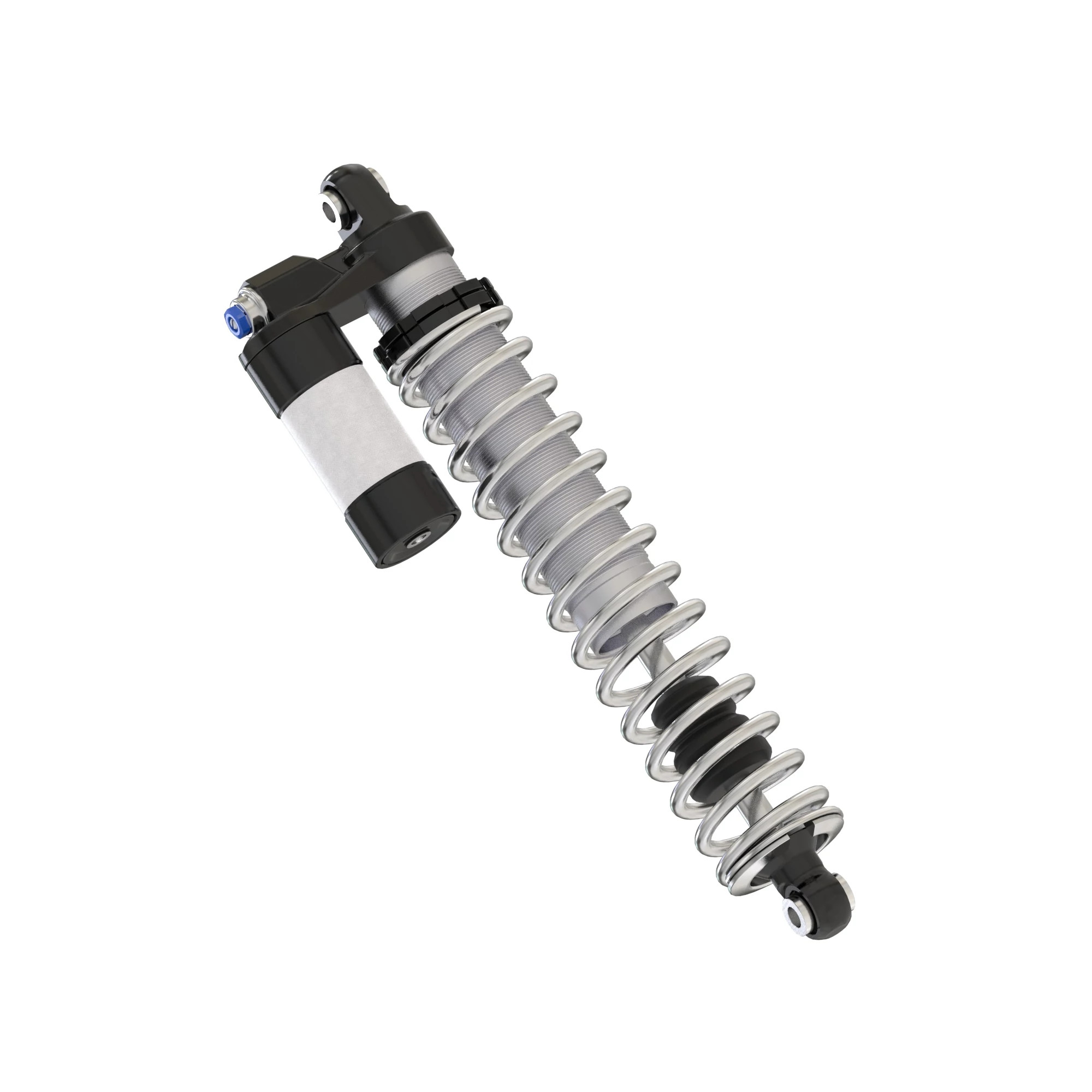 John Deere Rear Shock Absorber, 505 mm Free Length - AM141917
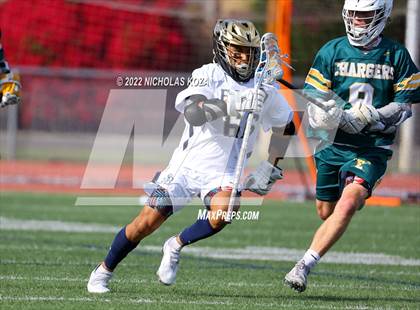 Thumbnail 2 in St. John Bosco vs. Edison photogallery.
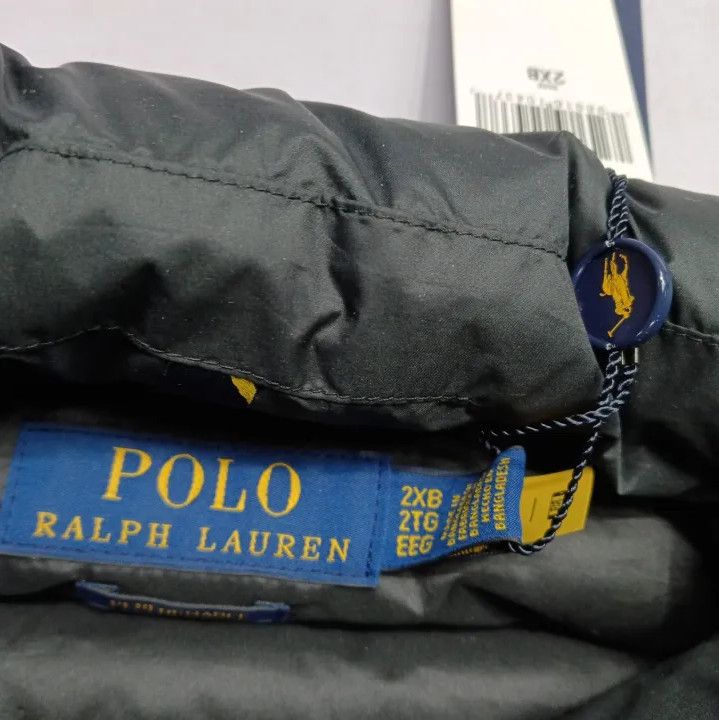 Polo Ralph Lauren Ralph Lauren Men's Pony Embroidery Zip Down Jacket Size US XXL / EU 58 / 5 - 4 Thumbnail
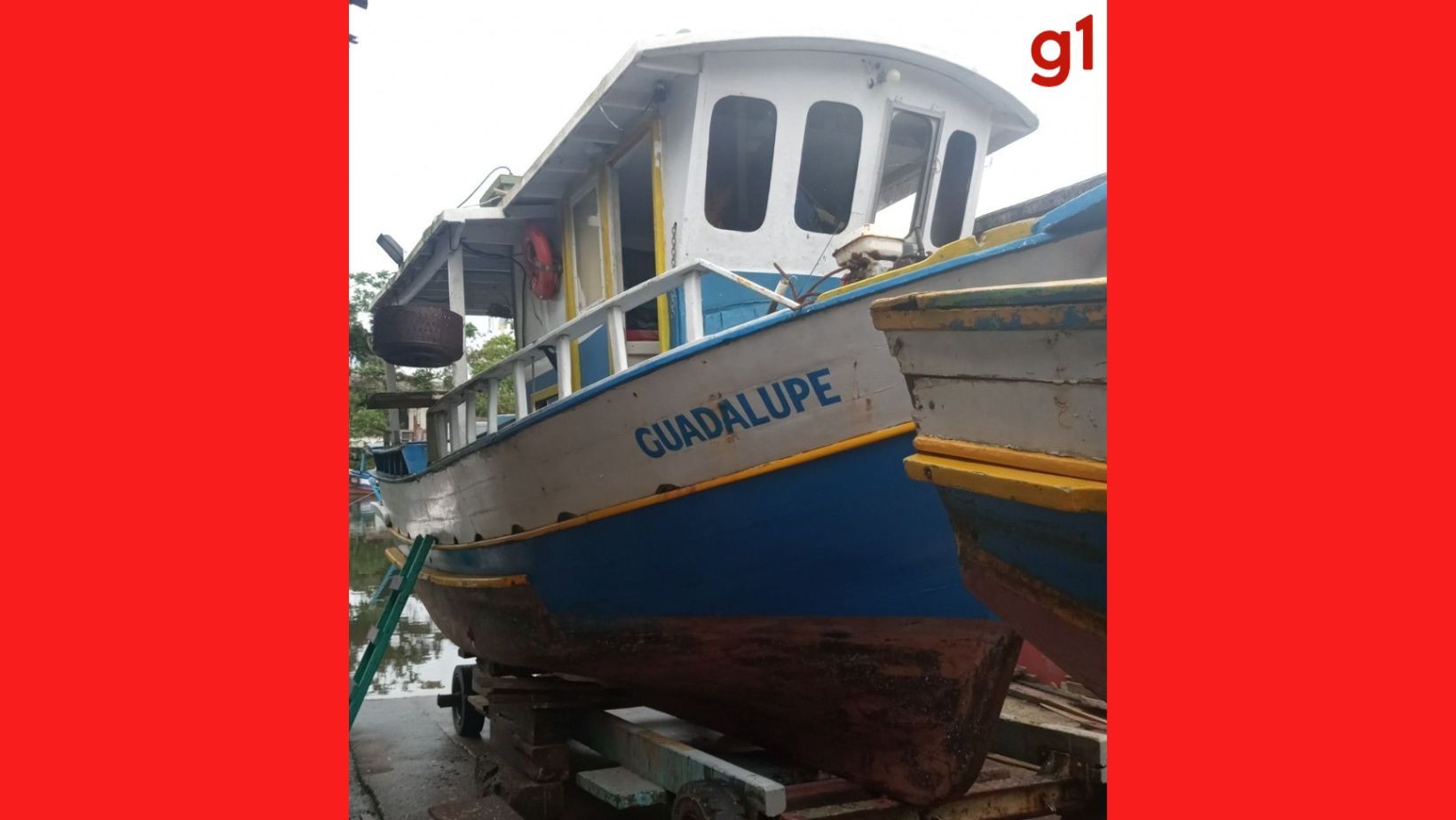 Duas pessoas morrem após embarcação naufragar em Ubatuba durante chuva e ventos fortes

__What you should do__: Output all the material exactly. The pictures are to be left out.

__Response to this task__:
 John Deere Rear Shock Absorber, 505 mm Free Length - AM141917
 Thumbnail 2 in St. John Bosco vs. Edison photogallery.
 Polo Ralph Lauren Ralph Lauren Men's Pony Embroidery Zip Down Jacket Size US XXL / EU 58 / 5 - 4 Thumbnail
 Duas pessoas morrem após embarcação naufragar em Ubatuba durante chuva e ventos fortes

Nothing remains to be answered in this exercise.